Mahendra, yang memiliki insting tajam sebagai penyidik, mulai menganalisis situasi. Dari foto keluarga yang tergantung di salah satu dinding rumah, ia memperhatikan bahwa keluarga tersebut hanya memiliki satu anak laki-laki remaja. Spekulasinya, pelaku mungkin adalah seseorang yang masih berumur di bawah dua puluh tahun, mungkin teman atau kenalan anak keluarga itu. Namun, mereka tidak bisa menarik kesimpulan terlalu cepat.

Saat penyelidikan berjalan, sebuah kejadian tak terduga membuat Mahendra dan timnya terkejut. Di antara kerumunan masyarakat yang sedang menonton proses penyelidikan, Mahendra melihat sosok dengan rambut berantakan dan mata sayu. Instingnya langsung menyala—itu bukan sekadar penonton biasa. Pria itu memancarkan aura mencurigakan, seperti orang yang baru saja melakukan sesuatu yang tidak seharusnya.

Tanpa pikir panjang, Mahendra mulai mengejar pria itu, memberi tembakan peringatan ke udara. Pria tersebut berusaha kabur, membuat Mahendra berlari semakin cepat, sementara Reyhan dan Rayna segera mengikutinya dari belakang. Aksi kejar-kejaran ini menarik perhatian masyarakat sekitar, yang langsung menyadari bahwa mereka sedang menyaksikan penangkapan pelaku pembunuhan brutal.

Langit di atas Kalimantan Timur mulai gelap ketika Mahendra, Reyhan, dan Rayna menyadari bahwa pelaku pembunuhan brutal satu keluarga mungkin berada di antara kerumunan yang sedang menonton penyelidikan. Mahendra merasakan firasat tajam saat melihat seorang remaja laki-laki dengan rambut berantakan dan mata sayu. Tanpa ragu, dia memberi isyarat kepada rekan-rekannya, dan mereka bertiga mulai bergerak ke arah remaja tersebut. Pelaku menyadari bahaya dan tiba-tiba berlari, membuat suasana semakin tegang.

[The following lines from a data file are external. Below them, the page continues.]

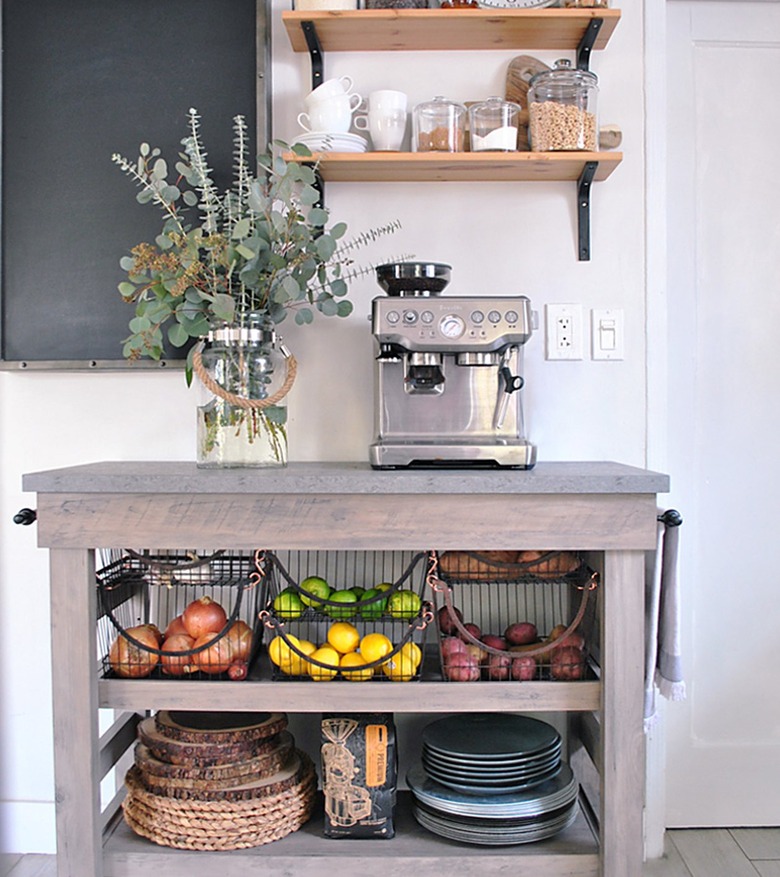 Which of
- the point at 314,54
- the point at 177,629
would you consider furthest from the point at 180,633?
the point at 314,54

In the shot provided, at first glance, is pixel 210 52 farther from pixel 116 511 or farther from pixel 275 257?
pixel 116 511

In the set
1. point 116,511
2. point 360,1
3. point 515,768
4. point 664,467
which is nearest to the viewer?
point 116,511

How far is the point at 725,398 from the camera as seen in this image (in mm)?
2111

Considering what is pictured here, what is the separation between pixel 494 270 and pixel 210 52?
807 mm

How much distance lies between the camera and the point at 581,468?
170cm

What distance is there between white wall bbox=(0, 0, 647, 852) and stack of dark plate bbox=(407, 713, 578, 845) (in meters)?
0.65

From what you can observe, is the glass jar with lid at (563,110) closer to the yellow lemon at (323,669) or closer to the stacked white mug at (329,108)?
the stacked white mug at (329,108)

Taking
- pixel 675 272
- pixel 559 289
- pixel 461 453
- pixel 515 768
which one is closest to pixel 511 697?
pixel 515 768

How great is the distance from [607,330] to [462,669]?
Result: 844 millimetres

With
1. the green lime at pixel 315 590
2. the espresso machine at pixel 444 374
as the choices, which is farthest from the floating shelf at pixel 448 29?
the green lime at pixel 315 590

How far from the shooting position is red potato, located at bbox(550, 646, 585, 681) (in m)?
1.63

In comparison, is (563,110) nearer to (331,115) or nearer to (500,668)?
(331,115)

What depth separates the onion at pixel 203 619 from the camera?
1661 mm

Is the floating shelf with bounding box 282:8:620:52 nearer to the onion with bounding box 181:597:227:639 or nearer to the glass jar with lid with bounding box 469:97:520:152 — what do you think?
the glass jar with lid with bounding box 469:97:520:152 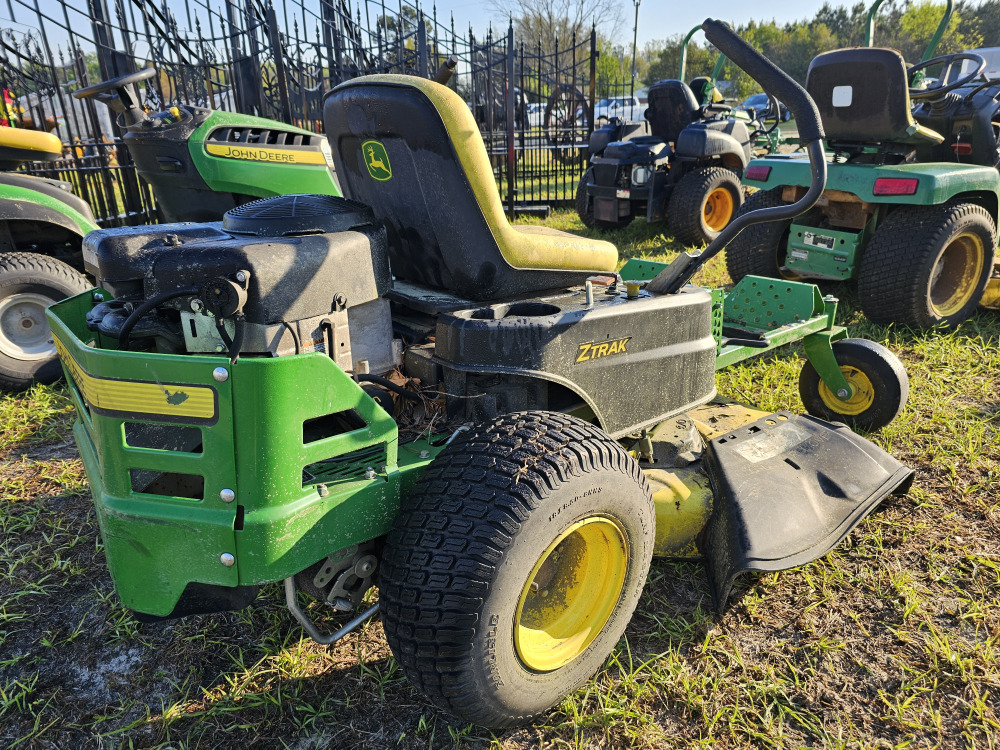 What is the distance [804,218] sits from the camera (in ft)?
17.0

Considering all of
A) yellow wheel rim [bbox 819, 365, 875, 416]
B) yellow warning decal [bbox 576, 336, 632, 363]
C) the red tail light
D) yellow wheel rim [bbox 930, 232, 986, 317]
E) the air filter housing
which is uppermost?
the air filter housing

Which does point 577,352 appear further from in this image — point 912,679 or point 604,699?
point 912,679

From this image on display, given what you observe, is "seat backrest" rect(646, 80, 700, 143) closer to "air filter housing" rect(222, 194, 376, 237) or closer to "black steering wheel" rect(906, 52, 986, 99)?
"black steering wheel" rect(906, 52, 986, 99)

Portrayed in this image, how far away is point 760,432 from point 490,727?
161cm

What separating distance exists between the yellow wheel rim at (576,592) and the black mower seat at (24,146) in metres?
4.27

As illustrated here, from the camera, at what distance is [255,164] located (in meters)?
4.80

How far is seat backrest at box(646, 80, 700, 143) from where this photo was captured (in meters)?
8.16

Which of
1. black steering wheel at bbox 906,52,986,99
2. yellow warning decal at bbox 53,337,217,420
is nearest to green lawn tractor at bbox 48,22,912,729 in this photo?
yellow warning decal at bbox 53,337,217,420

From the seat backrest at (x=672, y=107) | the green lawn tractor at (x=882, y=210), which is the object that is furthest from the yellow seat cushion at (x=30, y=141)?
the seat backrest at (x=672, y=107)

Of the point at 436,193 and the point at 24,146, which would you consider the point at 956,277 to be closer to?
the point at 436,193

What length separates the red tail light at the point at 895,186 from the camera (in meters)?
4.32

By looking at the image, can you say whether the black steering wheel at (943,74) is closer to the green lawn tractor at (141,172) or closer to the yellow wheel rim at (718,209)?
the yellow wheel rim at (718,209)

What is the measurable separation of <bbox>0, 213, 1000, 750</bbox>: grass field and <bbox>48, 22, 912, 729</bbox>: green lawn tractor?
0.16 metres

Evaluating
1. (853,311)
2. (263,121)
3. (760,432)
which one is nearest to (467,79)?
(263,121) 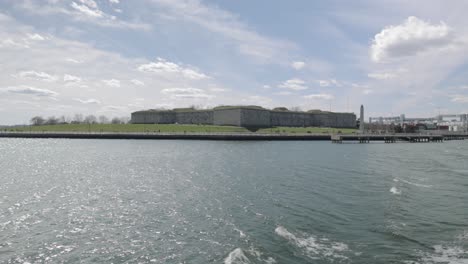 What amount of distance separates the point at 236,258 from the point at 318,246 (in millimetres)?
4025

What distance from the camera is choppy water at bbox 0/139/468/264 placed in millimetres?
16312

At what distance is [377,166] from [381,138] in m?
96.3

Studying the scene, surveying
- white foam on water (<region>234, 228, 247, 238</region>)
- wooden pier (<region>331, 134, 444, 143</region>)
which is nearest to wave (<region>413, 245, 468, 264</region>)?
white foam on water (<region>234, 228, 247, 238</region>)

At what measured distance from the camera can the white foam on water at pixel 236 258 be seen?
15.3m

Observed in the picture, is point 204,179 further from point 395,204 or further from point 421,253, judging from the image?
→ point 421,253

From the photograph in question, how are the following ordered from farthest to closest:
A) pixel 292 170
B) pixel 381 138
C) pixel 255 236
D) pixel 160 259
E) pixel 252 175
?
pixel 381 138
pixel 292 170
pixel 252 175
pixel 255 236
pixel 160 259

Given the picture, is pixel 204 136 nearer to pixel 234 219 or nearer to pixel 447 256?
pixel 234 219

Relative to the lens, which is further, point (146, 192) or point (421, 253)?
point (146, 192)

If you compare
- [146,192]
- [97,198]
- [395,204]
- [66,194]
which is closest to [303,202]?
[395,204]

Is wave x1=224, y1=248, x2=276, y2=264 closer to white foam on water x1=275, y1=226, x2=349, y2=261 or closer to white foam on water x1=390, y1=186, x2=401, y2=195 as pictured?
white foam on water x1=275, y1=226, x2=349, y2=261

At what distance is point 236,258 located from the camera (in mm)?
15688

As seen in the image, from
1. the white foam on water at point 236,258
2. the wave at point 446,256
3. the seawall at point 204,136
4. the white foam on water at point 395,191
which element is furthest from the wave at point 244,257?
the seawall at point 204,136

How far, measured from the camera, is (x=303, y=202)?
86.5ft

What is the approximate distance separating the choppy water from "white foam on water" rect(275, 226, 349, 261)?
0.05 m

"Jangan biarkan dia kabur!" teriak Mahendra, memimpin pengejaran.

Reyhan dan Rayna segera mengikuti, memecah kerumunan yang terkejut melihat polisi berlari dengan senjata di tangan. Mahendra berlari dengan kecepatan penuh, mencoba menjaga jarak yang semakin sempit dengan pelaku. Gang-gang sempit dan tikungan tajam di antara rumah-rumah penduduk membuat pengejaran semakin sulit, namun Mahendra dan timnya tetap fokus.

Pelaku, dengan wajah panik, melihat celah untuk melarikan diri di ujung sebuah gang. Namun Reyhan berhasil memotong jalurnya, memaksa remaja itu berhenti sejenak. Reyhan berusaha menangkapnya, tetapi tanpa diduga, pelaku melepaskan tendangan keras ke area selangkangan Reyhan.

"Arrgh!" Reyhan meringis kesakitan, jatuh ke lututnya, berusaha menahan rasa ngilu yang melumpuhkan. Pelaku kembali berlari, namun Mahendra yang kini semakin dekat, tak bisa lagi menoleransi. Tindakan pelaku yang berusaha melarikan diri sudah cukup baginya.

Mahendra segera mengangkat revolvernya dan melepaskan tembakan peringatan ke udara.

"Berhenti atau aku tembak!" seru Mahendra keras, suaranya menggema di gang yang sempit.

Pelaku tak mendengarkan dan tetap berlari. Mahendra dengan cepat membidik, lalu menembak kaki pelaku, tepat di betisnya. Remaja itu berteriak kesakitan, terjatuh ke tanah dengan napas terengah-engah. Darah mulai mengalir dari lukanya, dan dia tidak lagi bisa melanjutkan pelarian.